Below are records; from the line containing "wieś Laskowicze - Cerkiew" through the very last line, output each line exactly. No pictures.

────────

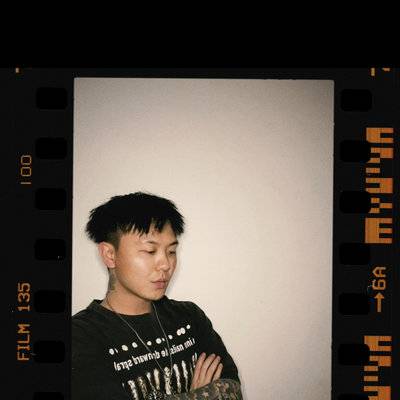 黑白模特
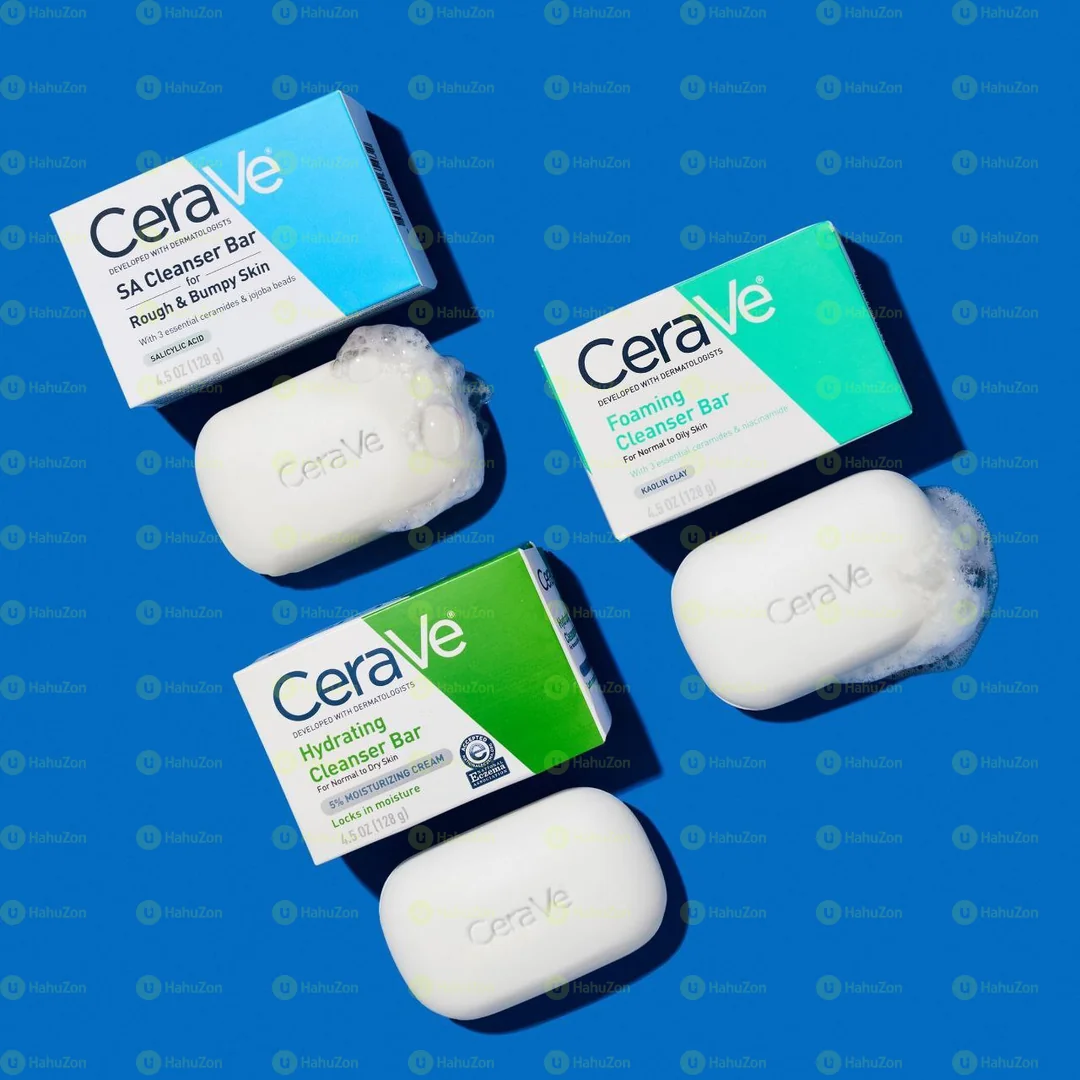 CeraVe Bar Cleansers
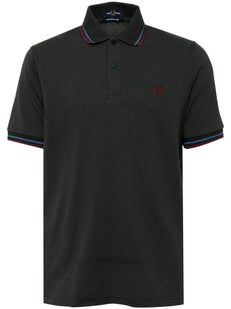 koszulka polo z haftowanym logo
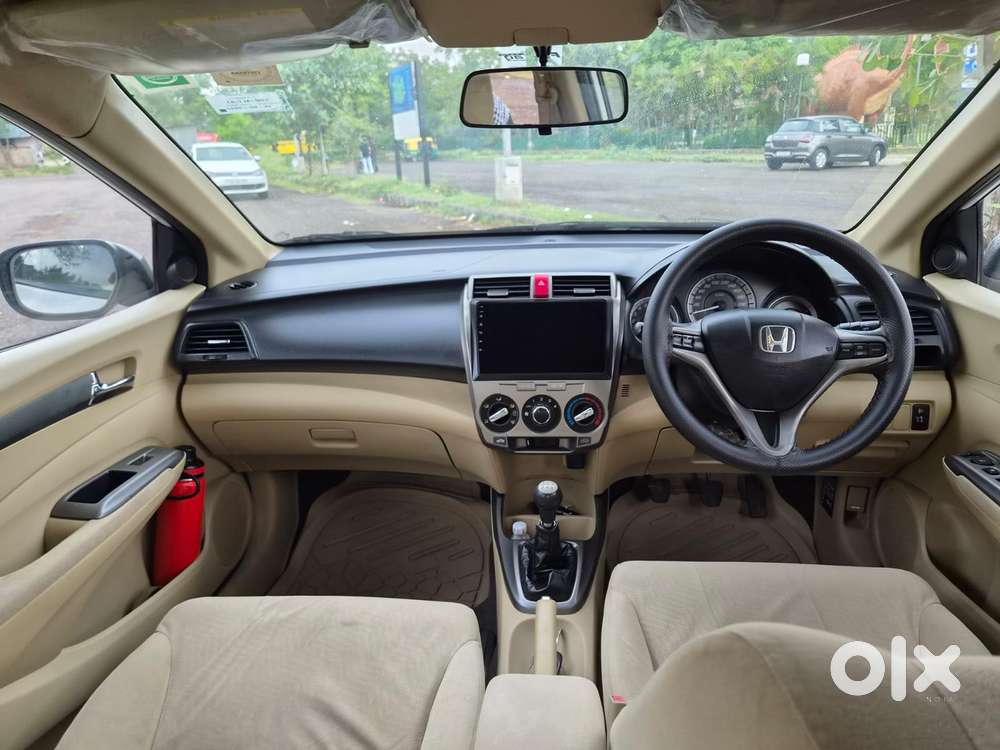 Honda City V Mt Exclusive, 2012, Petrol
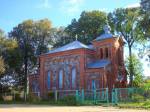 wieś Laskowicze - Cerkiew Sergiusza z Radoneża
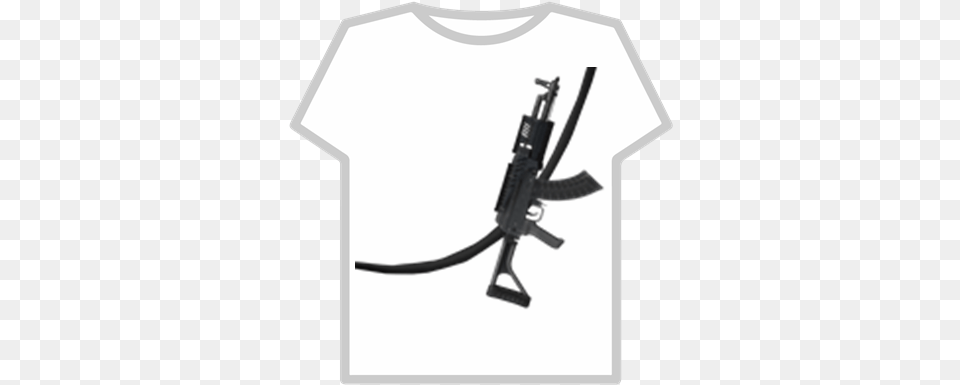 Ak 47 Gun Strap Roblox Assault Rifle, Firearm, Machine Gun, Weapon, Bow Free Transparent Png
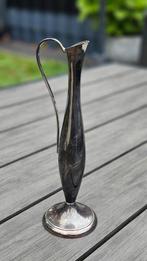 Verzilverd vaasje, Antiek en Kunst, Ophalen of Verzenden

────────

→ **TASK ANSWER**
 wieś Laskowicze - Cerkiew Sergiusza z Radoneża
 Ak 47 Gun Strap Roblox Assault Rifle, Firearm, Machine Gun, Weapon, Bow Free Transparent Png
 Verzilverd vaasje, Antiek en Kunst, Ophalen of Verzenden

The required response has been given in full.